This 17th Century Woman Took Down Ten of her Abenaki Captor’s and Became a Legend

This 17th Century Woman Took Down Ten of her Abenaki Captor’s and Became a Legend

Larry Holzwarth - September 1, 2019

This 17th Century Woman Took Down Ten of her Abenaki Captor’s and Became a Legend
Hannah’s tale of her escape became a legend on the frontier, though her treatment while in captivity was seldom discussed. Wikimedia

12. Hannah’s own story describing her captivity was never fully told

Hannah Duston left her story behind with Cotton Mather, Samuel Sewall, and through her husband with the Massachusetts Legislature, but she never recorded it on her own, and in the retellings known to history she did not recount her treatment by the Indians who held her in captivity, beyond those related to her escape. However, in May 1724 a letter was presented to her church elders in Haverhill, asking that she be given status as a full member of the congregation. Her express purpose was to be allowed to take communion and to offer her confession. The letter, likely composed by another member of the church and possibly by the minister himself contains a brief passage describing her captivity.

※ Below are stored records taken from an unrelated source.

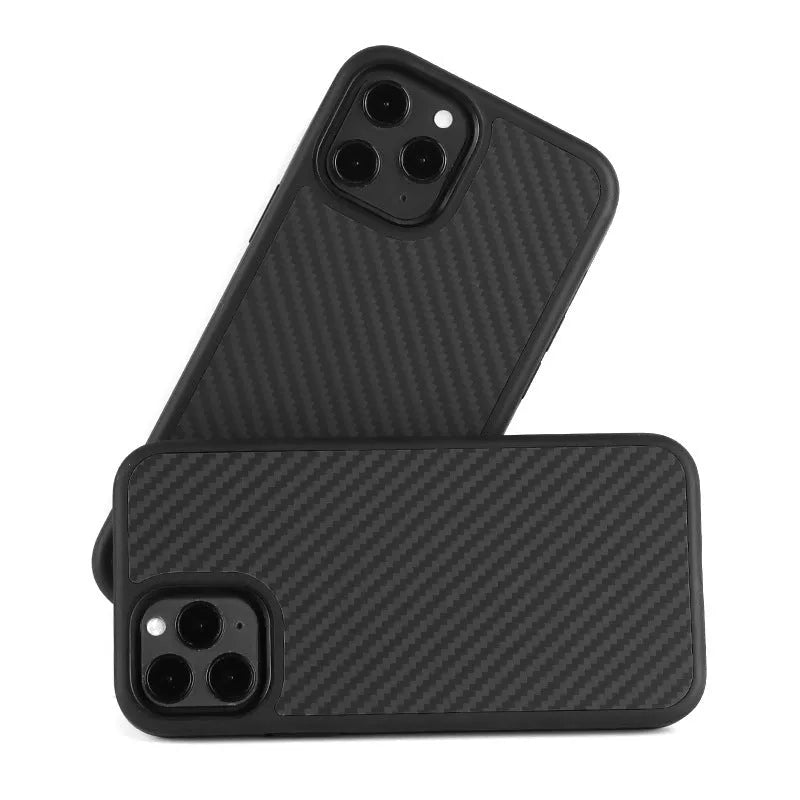Black wooden phone case for iPhone with TPU and Kethlar construction showing back cover design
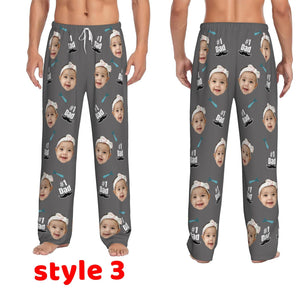 Custom Face Pajama Pants, Personalized Photo Pjs, Fathe's Day Gifts for Him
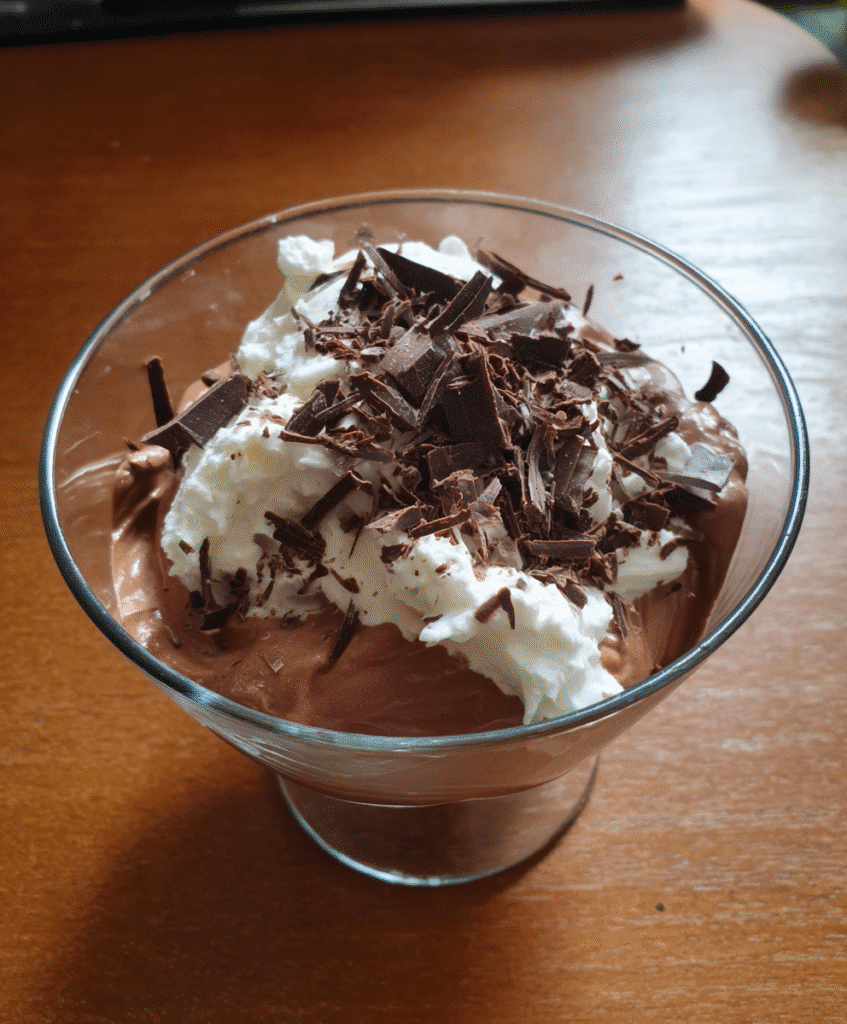 serving chocolate mousse with yogurt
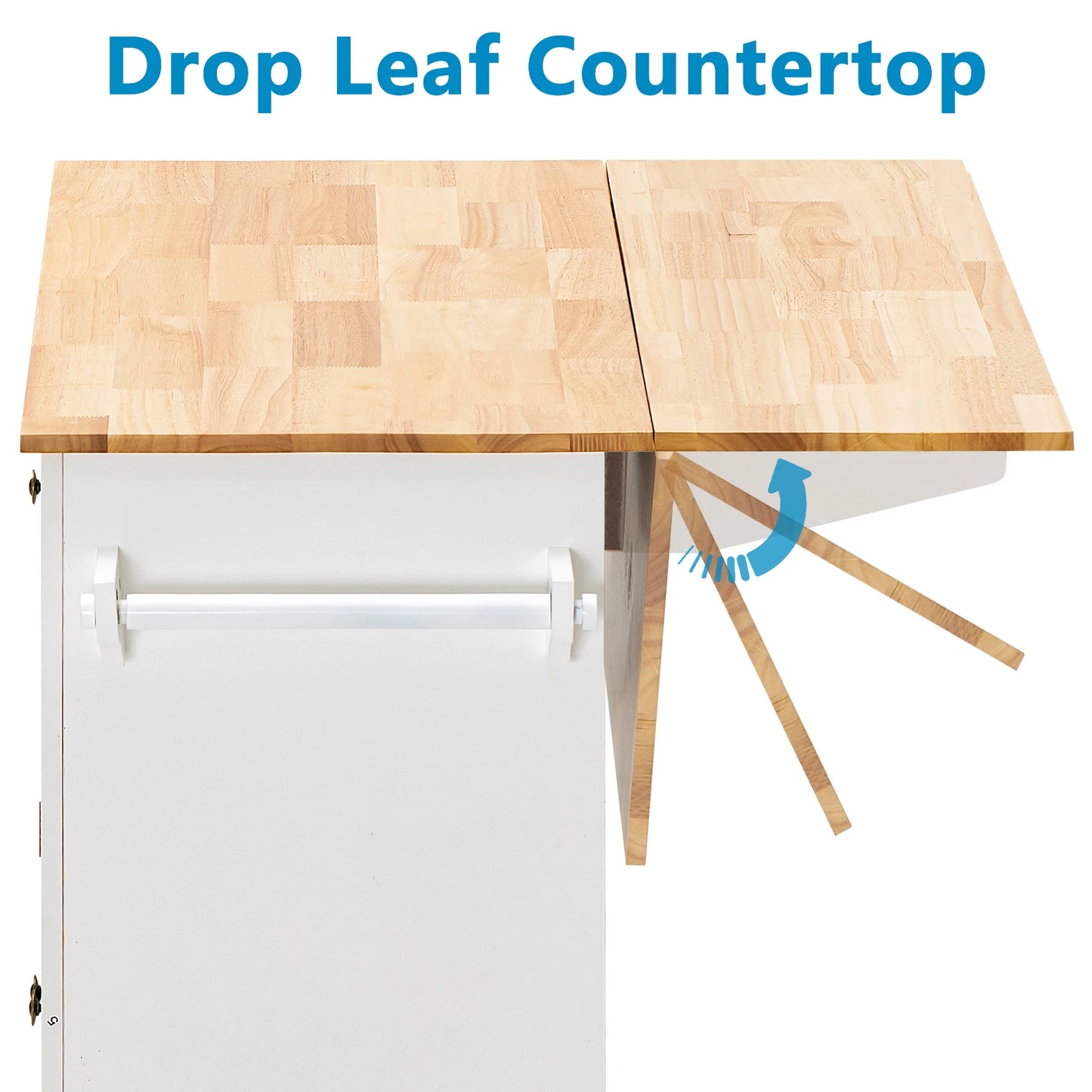 QiaoShiRen Rolling Kitchen Island With Drop Leaf Storage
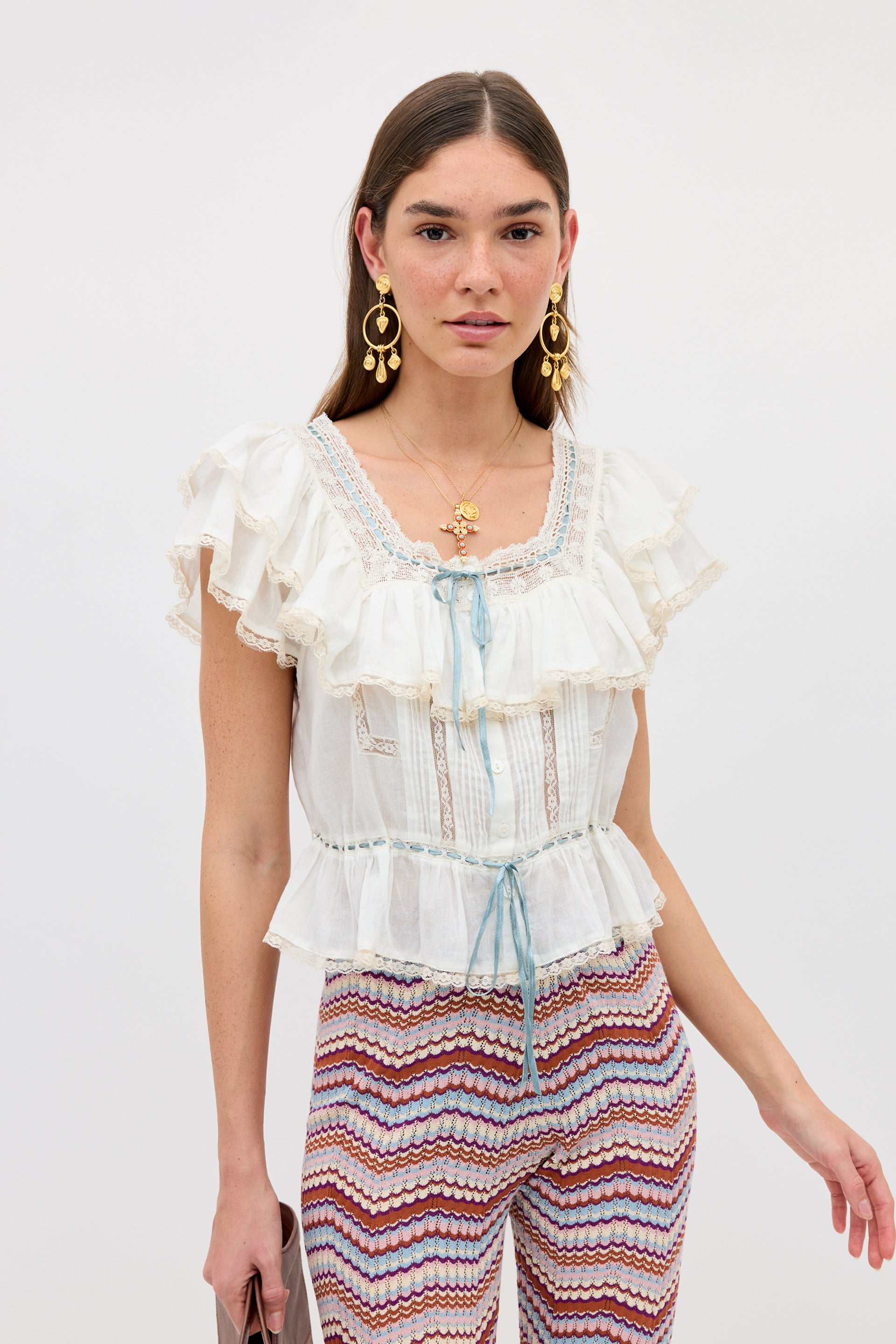 Melisa Cotton Blouse in White Ivory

“I am Thankful for my Captivity,” she wrote, or rather dictated. “[T]was the Comfortablest time that I ever had; In my Affliction, God made his Word Comfortable to me.” She also claimed that she remembered the 43rd Psalm, and that, “…those words came to my mind”. Beyond that she had no further comment on the event which led to her using a tomahawk – in effect a small axe – to bash in the skulls of several humans, most of them children. Nor did she express any regret nor remorse. Hannah was granted her request and received the full covenant of the church. The statue later erected in her honor, said to be the first ever erected for a woman in the land which is now the United States, stands on the site of the church. The church itself was razed, but the letter remains in the hands of the Haverhill Historical Society.